Reverie
Persistent AI memory achieving 94.6% on LongMemEval
#2 globally. A two-layer architecture that gives AI systems long-term memory with explicit knowledge-update tracking.
Key Findings
Within 0.27 points of #1. Statistically tied at this sample size (p > 0.05).
Oracle experiments show LongMemEval is model-dominated. Architectures add single-digit points over a strong baseline.
Four additional layers were built, tested, and removed. Simplicity won. The minimal system produced the best result.
LongMemEval Leaderboard
Top systems ranked by overall accuracy (n=500, GPT-4o judge). All scores use the standard evaluation methodology.
| Rank | System | LLM | Score |
|---|---|---|---|
| 1 | Mastra OM | GPT-5-mini | 94.87% |
| 2 | Reverie | Claude Sonnet 4.6 | 94.6% |
| 3 | Mastra OM | Gemini 3 Pro | 93.27% |
| 4 | Hindsight | Gemini 3 Pro | 91.4% |
| 5 | Emergence AI | GPT-4o | 86.0% |
| Oracle baseline | GPT-4o | 82.4% |
How It Works
Store everything, abstract on top. L1 keeps every conversational turn verbatim. L2 extracts declarative facts and detects when new information updates old information (supersession detection). Both layers are searched with hybrid vector + keyword retrieval.
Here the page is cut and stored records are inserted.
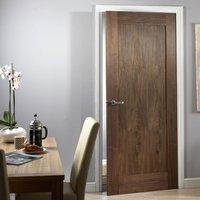 Door Set Kit, Porto Walnut 1 Panelled Door - Prefinished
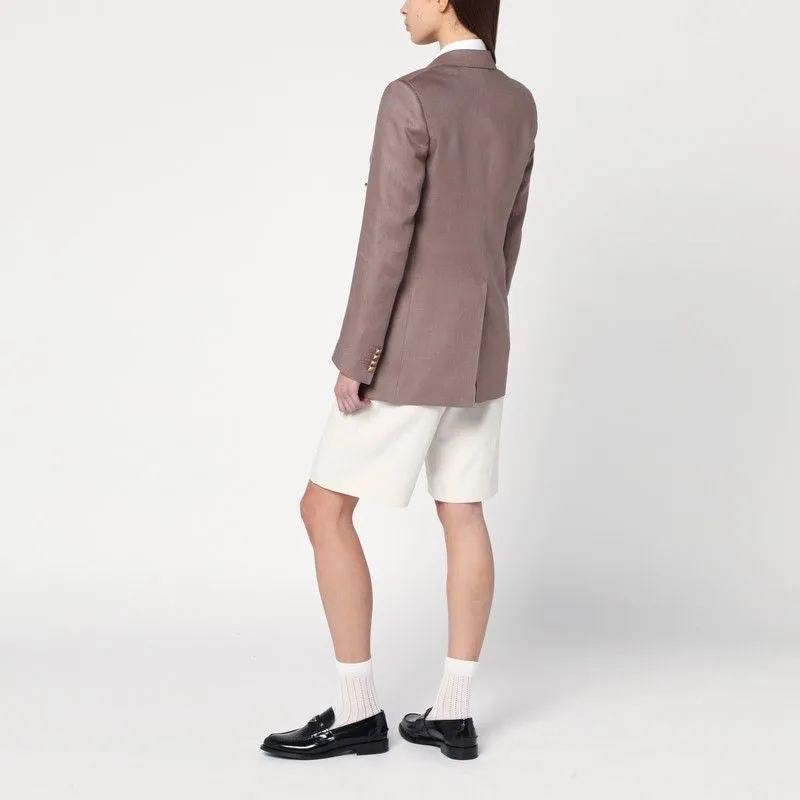 BROWN DOUBLE-BREASTED LINEN JACKET sold by Lord & Taylor product image thumbnail 2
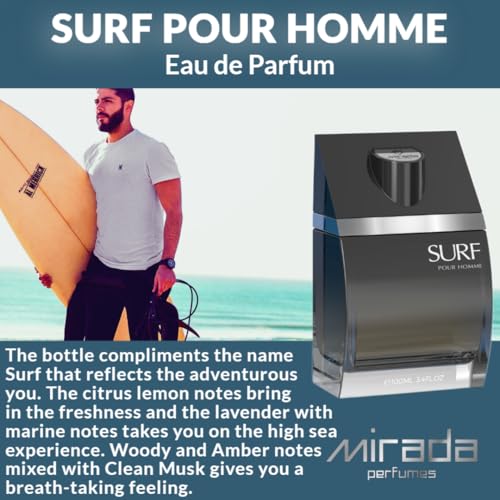 Surf Pour Homme, Men's Eau de Parfum (EDP) 3.4 FL. Oz (100ml), Men’s Perfume with Notes of Citrus, Lemon, Lavender, Green, Marine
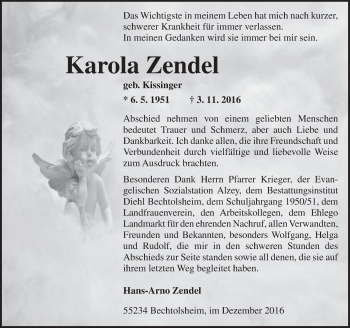 Traueranzeige von Karola Zendel von Trauerportal Rhein Main Presse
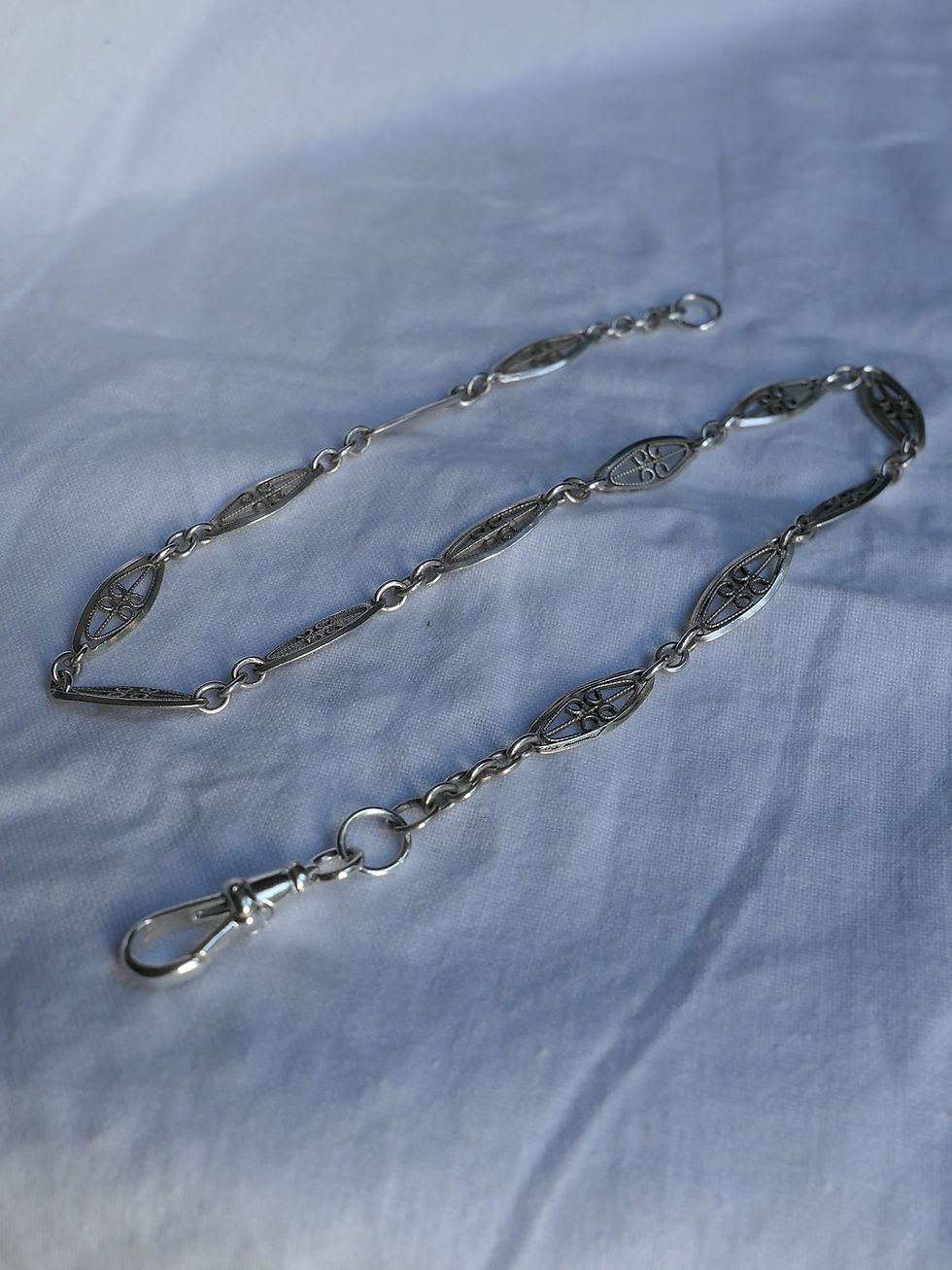 Miniature : French Silver Filigree Link Chain "Ancienne"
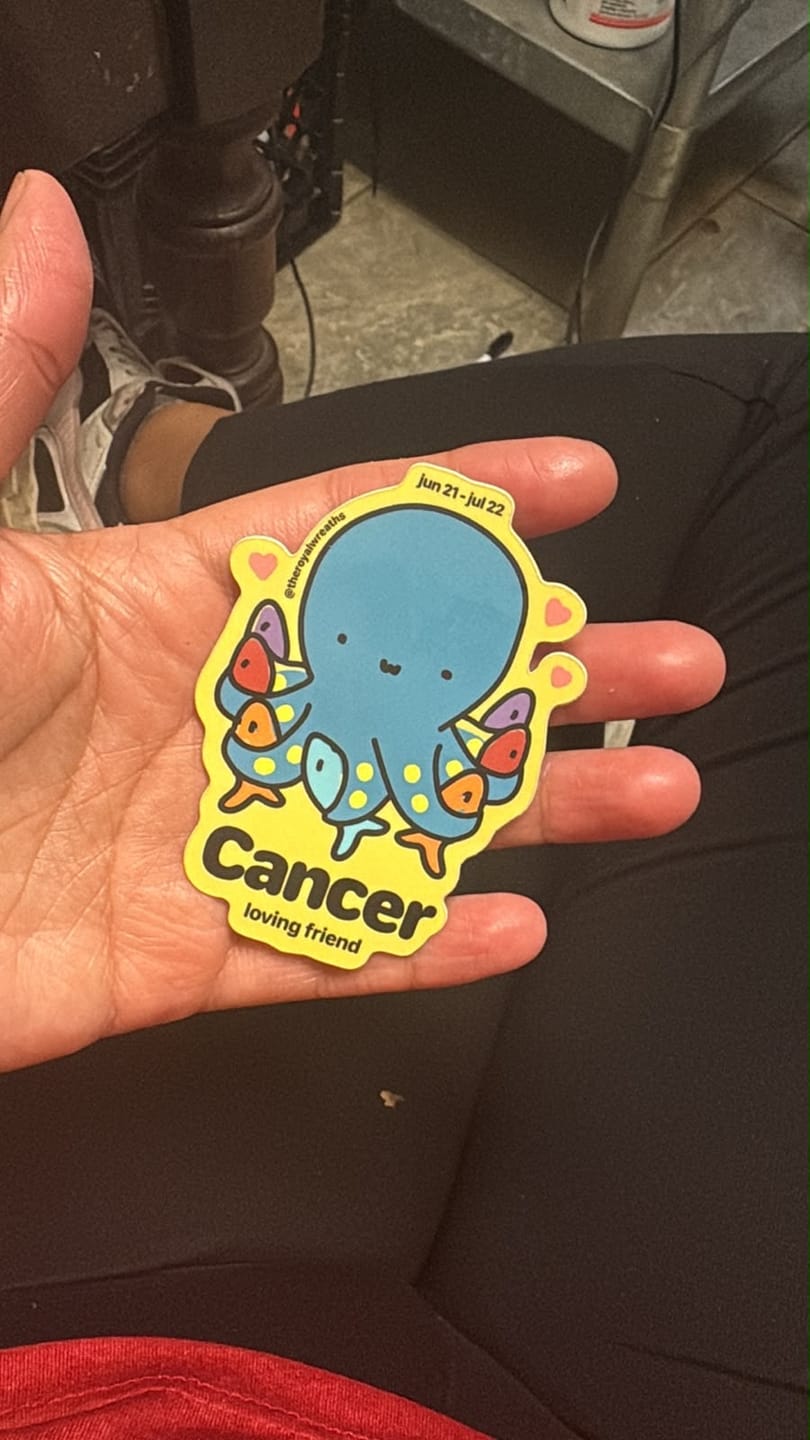Customer photo review of Free Mystery Zodiac Sticker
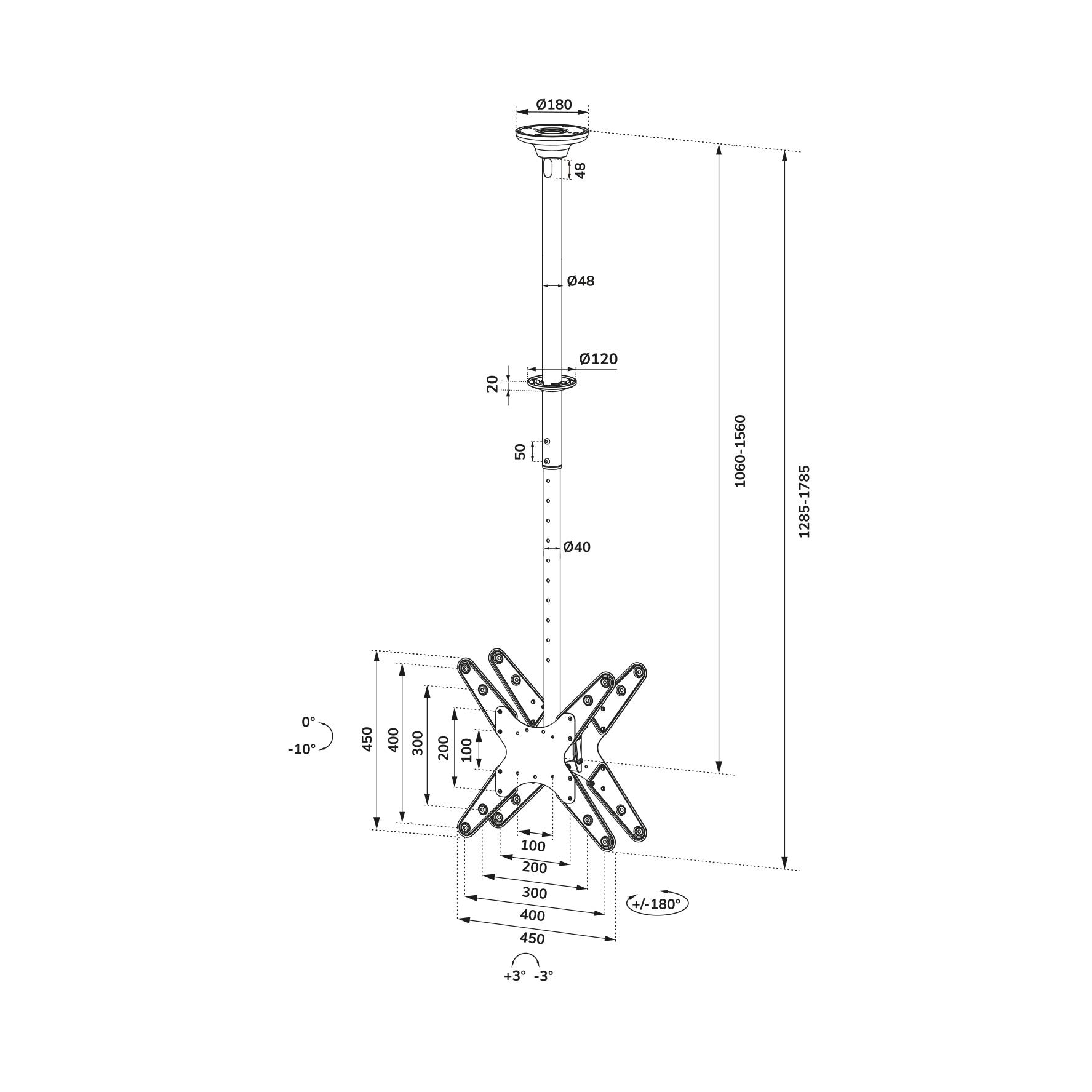 TV SET ACC CEILING MOUNT 32-75/FPMA-C340DBLACK NEOMOUNTS - Image 14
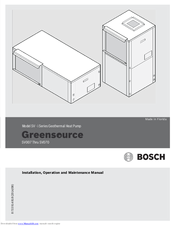 Bosch SV018 Installation, Operation And Maintenance Manual
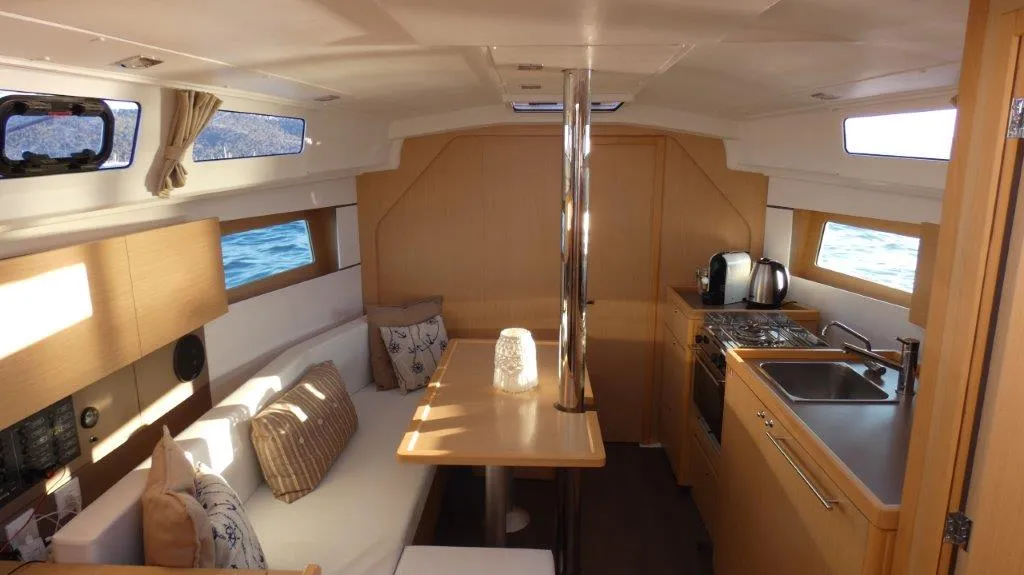 Salon of Lorenzo, a Beneteau Oceanis 35 sailboat at Split, Croatia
Supersession tracking is the key architectural contribution. When "I have 3 cats" becomes "I have 4 cats," the system detects the update, marks the old fact as outdated, and ensures the synthesis model uses the correct value. This drives the 97% score on knowledge-update questions.
Four additional layers were tried and cut (association, abstraction, identity, prediction) along with contextual embeddings, weight decay, and LLM-declared edges. Every component had to earn its place through measured improvement. The paper documents what failed and why.
The Saturation Finding
An Oracle experiment (same synthesis model with perfect retrieval) scores 93.4%, meaning architecture contributes just +1.2 points. This isn't unique to Reverie: Mastra OM adds just +1.8 over its Oracle baseline.
LongMemEval is approaching saturation as a differentiator of memory architectures. At ~115K tokens, its archives fit within modern context windows. The benchmark tests whether your LLM is good, not whether your architecture is good.
The field needs evaluation at scales where architecture genuinely matters.
What's Next
Current benchmarks test whether AI can remember a fact from last Tuesday. The harder problem is whether AI can connect your chess habit to your competitive streak to your career ambitions: the kind of associative reasoning humans do effortlessly across hundreds of interactions.
Scale-first benchmark
400+ sessions, repeated queries, archives exceeding context windows. Designed to test where architectural choices become decisive.
Vocabulary bridging
The primary unsolved retrieval challenge: connecting "model kits" to "1/16 scale German Tiger I" when there are no shared keywords. Graph-based association and entity co-reference at scale.
Associative memory
An association layer using entity co-reference and experiential edges was built and tested. It was net-negative on LongMemEval's small archives, but the hypothesis remains: at scale, with repeated queries, graph-based retrieval becomes necessary.